# How long does it take package bees to start drawing comb and is my queen dead?



## beemason (Apr 18, 2014)

Hi there, 

I am a first time beekeeper and installed my bees six days ago. I put a quart of SW on the feeder and there is still half of it left. We had two days of sun and then 3 days of rain. In the evening of the second day of being installed, what looked like a small swarm congregated in the evening in the cinder block under the hive. I may have made a mistake, but i pushed them around a little bit to encourage them to go back in side. The next morning the whole clump of them was just lying on the ground. that afternoon they were all gone.... It's sunny today on the sixth day so I decided to check in on the hive. The queen cage is empty. there are about two frames full of bees, but no comb drawn.... What is that about? I was really hoping to be able to check the brood comb to find out the health of the queen. I also looked really closely for the queen and couldn't find her, but I hear it can be very difficult for new beekeepers to find the queen. Should I be worried? Are they not drawing out comb because they haven't had access to natural nectar yet? or is the queen dead and the bees are just hanging out? Why is there still half the SW left in the jar? I was under the impression they could eat a gallon in a day. 

I'm sorry I have so many questions, 

I'm kinda freaking out about this and wondering if I should order a new queen or maybe change my feeding method..... I don't know. 

Thanks for your help, 

Mason


----------



## psfred (Jul 16, 2011)

Check to make sure the holes in the feeder lid are not plugged. Sometimes the bees will stuff them with propolis when it's cold (or wax) and then won't unplug them later because they don't know there is syrup in there.

I greatly prefer hive-top feeders for this reason.

Your bees should be consuming large amounts of syrup and drawing comb -- the queen cannot lay on foundation until there are some walls as she cannot measure the cell.

I would mix some dry sugar with water to make is sort of slushy, put a piece of newspaper over part of the frames the bees are on, and dump the wet sugar on top of the paper. They will eat it up right away and start to work. Make sure they can get to the syrup in the feeder, and consider getting and installing a hive-top feeder pronto.
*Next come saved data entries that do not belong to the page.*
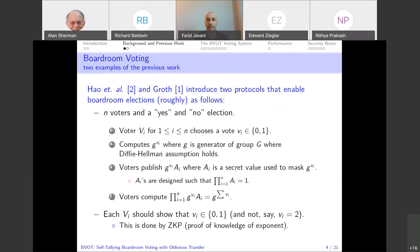I'm going to talk about two examples of previous work. There are five or six important protocols in the previous work that are both self-tallying and do not have an election authority. These two examples more or less capture all the existing previous work.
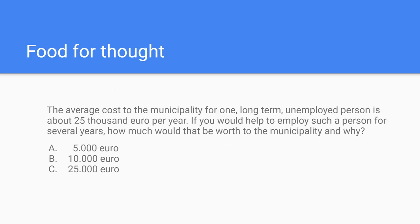Let's take a look at this assignment. The average cost to the municipality for one long-term unemployed person is about 25,000 euro per year. If you would help to employ such a person for several years, how much would that be worth to the municipality? And why?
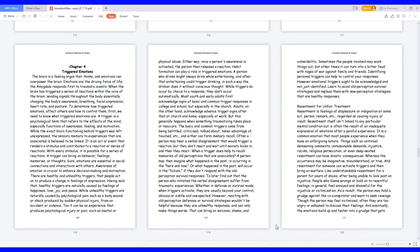Chapter 4. Triggered Emotions. The brain is a feeling organ that thinks, and emotions can overpower the brain. Emotions are the driving force of life. The amygdala responds first to traumatic events. When the brain has triggered a series of reactions within the core of the brain, sending signals throughout the body essentially changing the body's awareness, breathing, facial expression, heart rate, and posture.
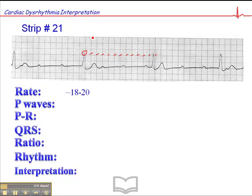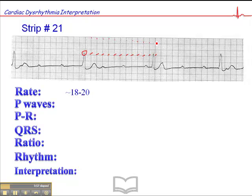The other thing you can do — and I know we didn't get past 33 — is count the number of dark lines between the QRSs and divide that into 300. So counting: 1, 2, 3, 4, 5, 6, 7, 8, 9, 10, 11, 12. So 300 divided by 12 gives you approximately 25.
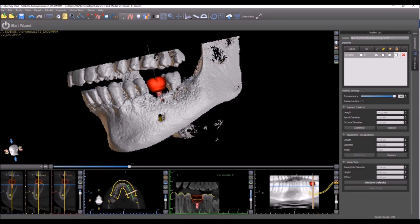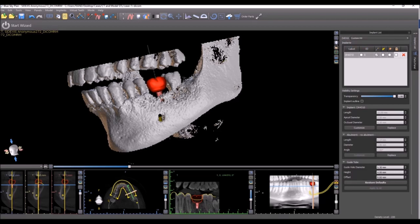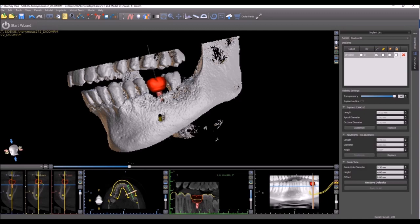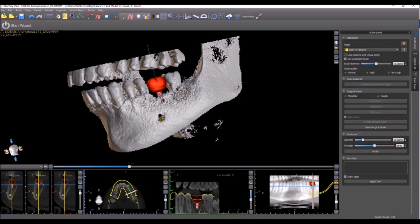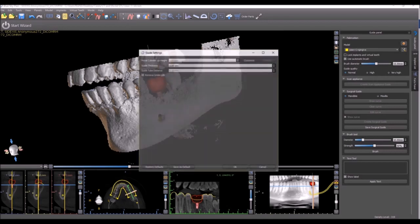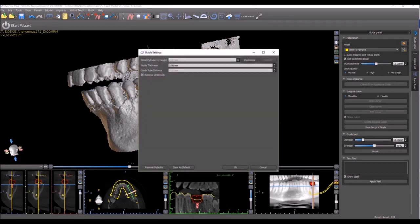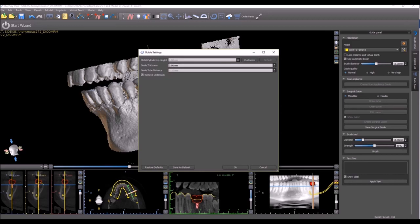A user that's not using either one of those kits should choose the custom kit option. Now, they could go ahead and enter the numbers and the data for the guide hole diameter, height, and offset to accommodate any metal cylinder for any guided surgical kit. The same is true when we go to the guide panel and look at the settings for the surgical guide. The information regarding the metal cylinder or lip height is dependent on which guided surgical kit is being used. And, of course, it could be edited and customized on a by-need basis.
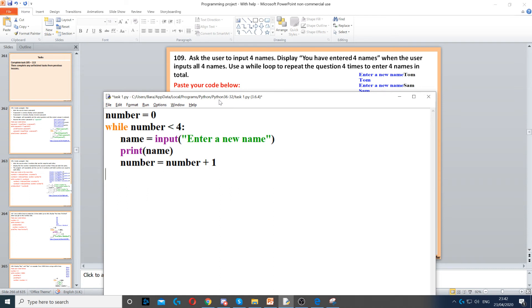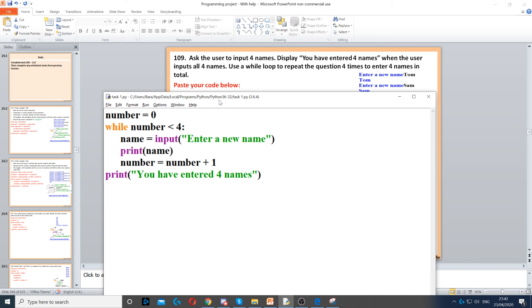Now once it reaches the end, once it finishes the loop, once it's outside the loop, it will display 'You have entered four names'. So you just need to put 'You have entered four names' at the end, but you need to make sure it's not indented to make sure it's outside the loop.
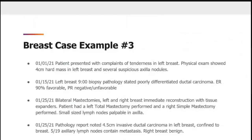Let's walk through case example three. On 1-1-21, patient presented with complaints of tenderness in the left breast; physical exam showed a 4 cm hard mass and several suspicious axillary nodules. On 1-15-21, a 9 o'clock biopsy showed poorly differentiated ductal carcinoma, ER 90% favorable, PR negative. On 1-25-21, bilateral mastectomy of left and right breast with immediate reconstruction using tissue expanders was performed. Patient had a left total mastectomy and right simple mastectomy. Pathology noted a 4.5 cm invasive ductal carcinoma in the left breast confined to the breast, with 5 out of 19 axillary lymph nodes containing metastasis. The right breast was benign.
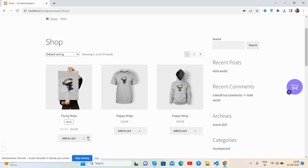So guys, before showing you the working demo and code, I must say please watch the video till the end and please subscribe to my channel for latest WooCommerce updates. So guys, here we go.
Otherwise they will take a long time to draw comb as they cannot get nectar until there is flying weather.

Peter


----------



## drlonzo (Apr 15, 2014)

Depending upon your planned methods of how you will treat/not treat your hives you may want to look into getting some Honey B Healthy and mixing into your 1:1 syrup. Also the bees cannot use the syrup till it's temp reaches 55 deg F. Won't really touch it at all. So if you are using an external feeder and temps are getting low, this causes the syrup to cool down to not useable. Also, what you didn't mention, what size package did you get 2 or 3 pound, using foundation/not using , type of hives top bar/ lang, all of these factors can and do affect how fast comb is being built.


----------



## ddb123 (Jun 20, 2012)

The bees you found dead probably just never re-entered the hive and died overnight. I find dead bees when I do splits, even last night, and it only got down to about 45 F here. It takes a while to get good at finding the queen. I'd guess she's there and just hasn't started laying yet. If the bees are queenless, you can usually hear a roar from their wings as they try to get a whiff of queen pheromone. I would just keep feeding and not worry about the bees you found dead.


----------



## Honey-4-All (Dec 19, 2008)

Where in the world is the placement of your feeder?

A properly placed quart jar will be 75% Utilized 90% of the time by a 3 pound package every day once they are installed... That is unless the flow is on and the bees decide they like the taste of the flowers better than the taste of the sugar cane!


----------



## ddb123 (Jun 20, 2012)

Flow is on in my region and bees ignore frame feeders, boardman feeders, and open feeders. Every package is different. Some are just more motivated than others.


----------



## Mr.Beeman (May 19, 2012)

You should have seen them pull comb by now. I had one pull a dollar bill sized comb in 24 hours before. Is a good flow one there? Are you seeing alot of activity outside the hive? Bees coming in heavy? Check once again for the queen.


----------



## Honey-4-All (Dec 19, 2008)

ddb123 said:


> Every package is different. Some are just more motivated than others.


Sounds like some of the help now days . Had a guy who recently decide he needed to "take a day long break" the moment we needed to have packages ready. Needless to say the bonus money for the year fell out of his lap the moment he refused to stick around and help like everyone else was doing. Be it the bees or people.... in this business you need to suck up the syrup when its in front of you. Waiting around only leads to failure when the flow is on.....


----------